# Need TBG Recommendation



## Teach (Jul 5, 2014)

Hey all, finally got our house sold and will be on the road to Mexico in just two weeks time. I need to order a few sling shot supplies as I just received some wide gappers and will need to replace the TBG as time rolls on.

For general shooting using 3/8 steel and maybe 1/4 inch steel balls, what thickness of TBG would be a good all round perfomer? I've not used TBG before so I have no experience with the stuff. a

Recommendations please?

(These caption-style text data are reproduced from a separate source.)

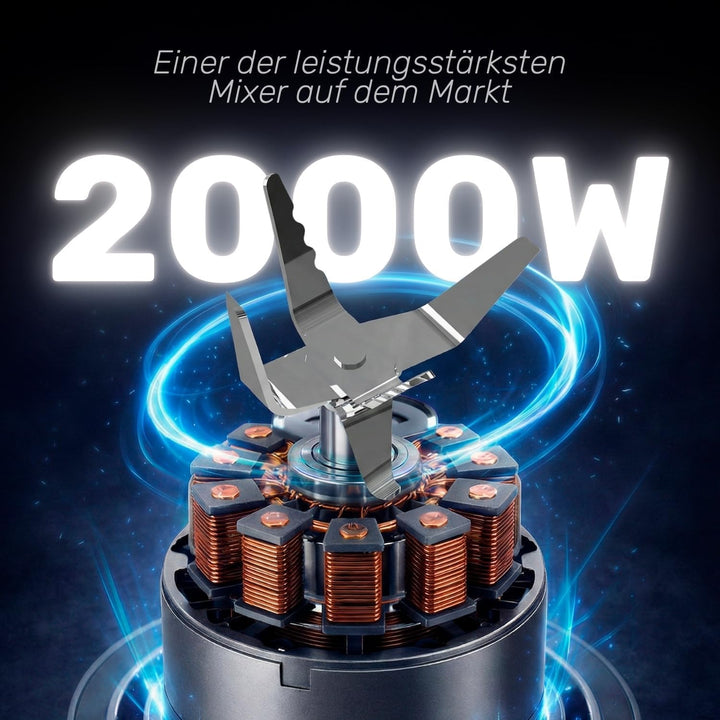 Taurus - Hochleistungs-Mixer mit 2000 W | Glaskanne 1,8 l | abnehmbare Edelstahlklingen | 2 automati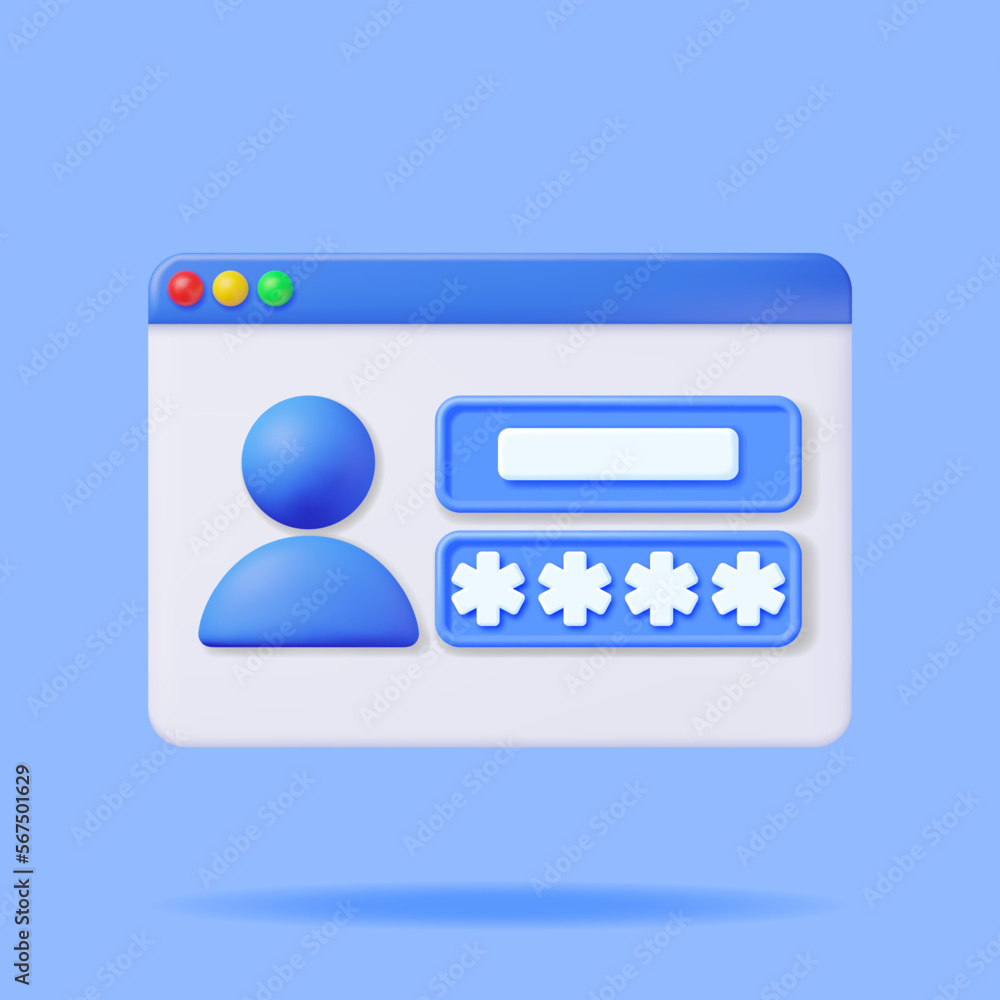 Aufkleber 3d user login form page isolated. render password hidden stars in sign in account. computer data pro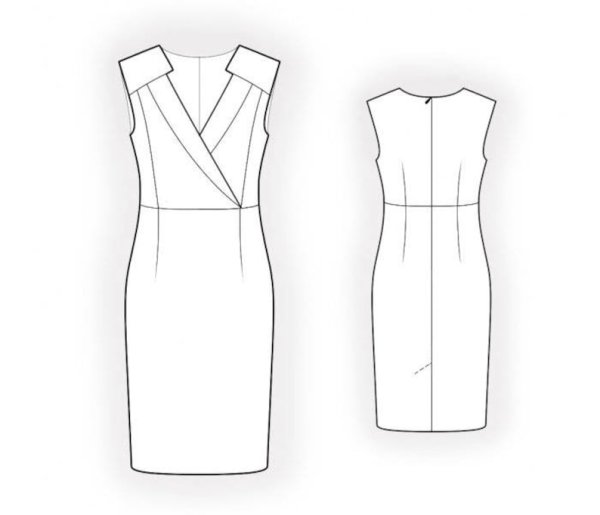 Технический эскиз вечернее платье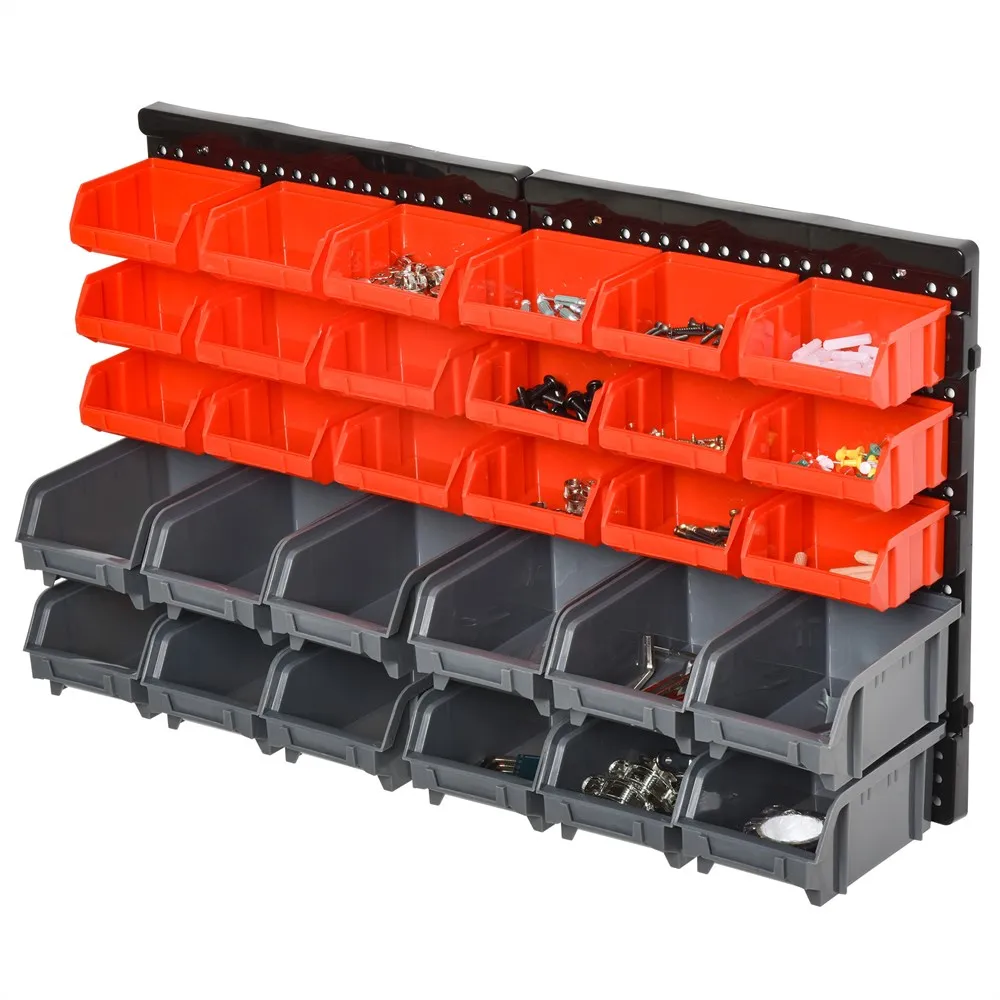 DURHAND Storage Rack for Wall Tool Organizer 33 PCs in Total with boxes 37,5x18x95,5 cm red and gray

Tnx

Teach


----------



## treefork (Feb 1, 2010)

IMO . I would continue to use Thera Gold and cut it accordingly for the 3/8 and 1/4 inch steel . For 3/8 steel you can do well with a 3/4 inch cut . For 1/4 steel a 1/2 inch cut . No need to over power the ammo . There are only drawbacks from band slap , reduced accuracy and shorter band life by using too much rubber .


----------



## Teach (Jul 5, 2014)

That was my intent but I was wondering about the TBG thickness. Guys refer to .030 a lot, so I wondered if that would be the way to go or some other thickness? Perhaps the .030 is standard in the gold?

Sorry I just don't have the time to research this right now with the house selling we are busier than a couple of two horned owls.


----------



## JonM (Aug 17, 2013)

I haven't measured the thisckness of TBG, but I believe the refereence to .030 or .040 is in megard to letx band thickness. I like TBG & latex :wave:


----------